China Must End Its ‘War on Faith,’ US Ambassador Brownback Says

China Must End Its ‘War on Faith,’ US Ambassador Brownback Says
Sam Brownback, then-United States Ambassador-at-Large for International Religious Freedom, speaks during a news conference at the State Department in Washington on June 10, 2020. (Andrew Harnik/POOL/AFP via Getty Images)
Frank Fang
11/18/2020
Updated:
11/18/2020

U.S. ambassador for international religious freedom Sam Brownback renewed his call for Beijing to end its “war on faith” on Nov. 17, including the persecution of adherents of Falun Gong.

“I think in particular what China is doing is absolutely wrong.

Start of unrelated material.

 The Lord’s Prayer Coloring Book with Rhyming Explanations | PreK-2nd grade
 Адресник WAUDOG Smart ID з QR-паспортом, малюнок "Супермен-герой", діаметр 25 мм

It’s one of the worst religious persecution situations in the world today, if not the worst,” Brownback said, in response to a reporter’s question at a special briefing for the inaugural Ministers’ Forum of the International Religious Freedom or Belief Alliance (IRF Alliance).
Begun in February, the IRF Alliance seeks to promote religious freedom and combat persecution based on religion or belief. It currently has 31 member nations, including the United Kingdom, the Netherlands, Australia, Senegal, and Ukraine.

“We continue to call on China to stop their war on faith ... against the Uyghurs, against the Tibetan Buddhists, against the Christian house church, against the Catholic Church, [and] against Falun Gong,” Brownback said.

Also on Nov. 17, Secretary of State Mike Pompeo expressed his concern about China’s religious persecution on Twitter.

“The Chinese Communist Party’s war on faith targets Christians, Muslims, Buddhists, and Falun Gong devotees alike. The Party spares no one,” Pompeo wrote.

Falun Gong, also known as Falun Dafa, is a spiritual practice with meditative exercises and moral teachings based on truthfulness, compassion, and tolerance. According to official estimates, there were 70 million to 100 million adherents before the Chinese regime banned it in 1999.

The practice’s popularity drew the ire of former Chinese regime leader Jiang Zemin, who viewed it as a threat to both his rule and the Communist Party’s ideologies. In July 1999, Jiang launched a nationwide persecution to arrest and detain Falun Gong adherents.

According to the Falun Dafa Information Center, millions have been detained inside prisons, labor camps, and other facilities, with hundreds of thousands tortured while incarcerated. There are more than 4,000 documented deaths as a result of persecution, according to Minghui.org, a U.S.-based website that tracks the persecution—though experts say the true figure is likely much higher.
The persecution has continued amid the pandemic. More than 1,000 were either arrested and harassed by the police in October alone, with 65 adherents sentenced to jail.
At the forum, the 31 members discussed their opposition to governments’ “unlawful employment of technology to monitor the actions of individuals solely due to their religion or belief and repress entire religious communities,” they said in a joint statement.

Brownback specially called out China’s use of technology in its war on faith.

“This is something they’ve done in Tibet, they are doing in Xinjiang, and rolling out in different places in their country. And we want to stop this from spreading to other countries around the world or spreading more to other countries around the world,” he said.

In October 2019, the Commerce Department blacklisted 28 Chinese police bureaus and companies, including surveillance equipment manufacturer Hikvision, over their roles in supporting Beijing’s repression and surveillance of Uyghur Muslims in China’s far-western region of Xinjiang. An estimated 1 million Uyghurs are currently detained inside internment camps there.
Similar technology has been deployed across the country to monitor dissidents and ordinary citizens.